Adding layers to MobileNetV2

Hi all,

I’m new to the DL field and pytorch.
I want to use pretrained MobileNetV2 but instead of its classifier, add 1x1 convolutional layer+max pooling+convolutional layer+other linear layers (all this in order to reduce the output to less dimensions so I can cluster it later on).

When I tried to run the next code I got “Expected 4-dimensional input for 4-dimensional weight [1280, 1280, 2, 2], but got 2-dimensional input of size [2, 1280] instead”.

Here’s the code:
model = models.mobilenet_v2(pretrained=True)
for param in model.parameters():
param.requires_grad = False

#modify last layer of the net
fc = nn.Sequential(
nn.Conv2d(1280, 1280, kernel_size=(2, 2), stride=(2, 2), bias=False),
nn.MaxPool2d(kernel_size=2, stride=2, padding=0),
nn.Conv2d(1280, 320, kernel_size=(1, 1), stride=(1, 1), bias=False),
nn.Dropout(0.2),
nn.BatchNorm1d(320),
nn.ReLU(),
nn.Dropout(0.3),
nn.Linear(320,NUM_CLASSES),
n.LogSoftmax(dim=1)
)
model.classifier = fc
criterion = nn.NLLLoss()
optimizer = torch.optim.Adam(model.classifier.parameters(), lr=0.0015)
model.to(DEVICE)
summary(model, input_size=(3, 224, 224))

Is there someone who managed to that successfully? Or tell me where am I wrong?

Thanks a lot in advance!

The original forward implementation will flatten the activation output in this line of code before passing it to the classifier.
You could add a custom module at the beginning of your nn.Sequential container and reshape the activation back or alternatively create a custom model and override the forward method.

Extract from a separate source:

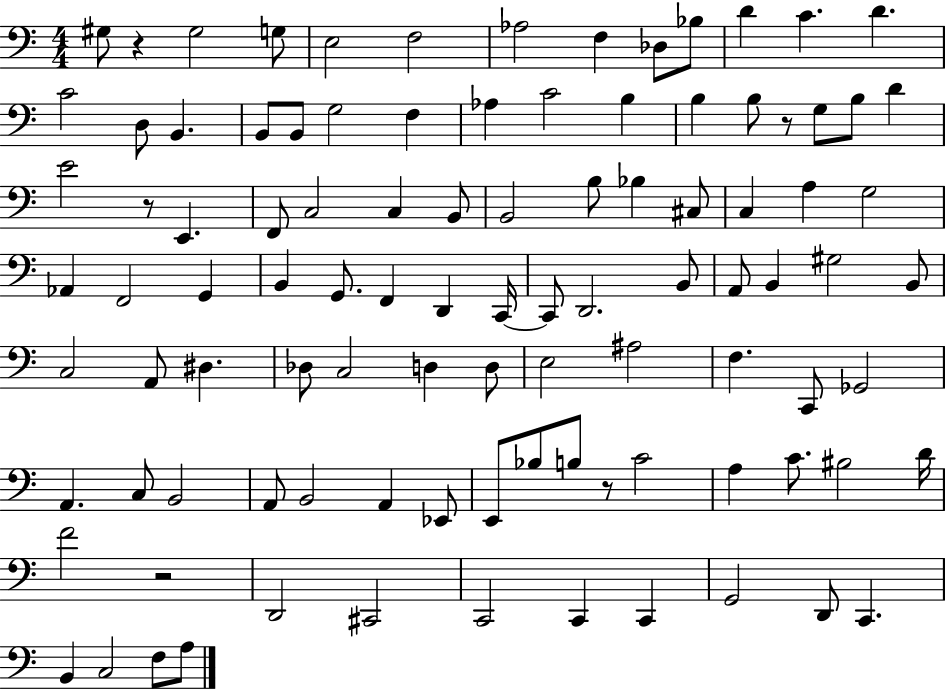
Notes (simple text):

G#3/e R/q G#3/h G3/e E3/h F3/h Ab3/h F3/q Db3/e Bb3/e D4/q C4/q. D4/q. C4/h D3/e B2/q. B2/e B2/e G3/h F3/q Ab3/q C4/h B3/q B3/q B3/e R/e G3/e B3/e D4/q E4/h R/e E2/q. F2/e C3/h C3/q B2/e B2/h B3/e Bb3/q C#3/e C3/q A3/q G3/h Ab2/q F2/h G2/q B2/q G2/e. F2/q D2/q C2/s C2/e D2/h. B2/e A2/e B2/q G#3/h B2/e C3/h A2/e D#3/q. Db3/e C3/h D3/q D3/e E3/h A#3/h F3/q. C2/e Gb2/h A2/q. C3/e B2/h A2/e B2/h A2/q Eb2/e E2/e Bb3/e B3/e R/e C4/h A3/q C4/e. BIS3/h D4/s F4/h R/h D2/h C#2/h C2/h C2/q C2/q G2/h D2/e C2/q. B2/q C3/h F3/e A3/e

Once this is solved, note that your nn.Sequential module is missing an nn.Flatten layer after the last nn.Conv2d layer (and also uses nn.BatchNorm1d, which might be a typo).

Thank you very much for answering!

I wanted to implement your suggestion of reshaping the activation back but I couldn’t figure out how to go from 2-dimensional weight [2,1280] to 4-dimensional [1280, 1280, 2, 2] (I guess the 2,2 are due to the kernel and stride).

So, I tried to define the forward only on the mobilenetv2.features as written below (thought this way I will just avoid the activation function) but that resulted in the next error “Expected 4-dimensional input for 4-dimensional weight [1280, 1280, 1, 1], but got 2-dimensional input of size [2, 62720] instead”.

Here’s the current code:

class Flatten(nn.Module):
def forward(self, input):
return input.view(input.size(0), -1)

class MobileNet_ConvAdd(nn.Module):
def init(self):
super(MobileNet_ConvAdd, self).init()
self.model_M = models.mobilenet_v2(pretrained=True)
self.model_M.classifier = nn.Identity()
for param in self.model_M.parameters():
param.requires_grad = False

    self.MobileNet_ConvAdd_conv1 = nn.Sequential(
                                                nn.Flatten(),
                                                nn.Conv2d(1280, 1280, kernel_size=(2, 2), stride=(2, 2), bias=False),
                                                nn.MaxPool2d(kernel_size=2, stride=2, padding=0),
                                                nn.ReLU(),
                                                nn.Conv1d(1280, 320, kernel_size=(1, 1), stride=(1, 1), bias=False),
                                                nn.AvgPool2d(kernel_size=2, stride=2, padding=0),
                                                nn.Flatten()
                                                )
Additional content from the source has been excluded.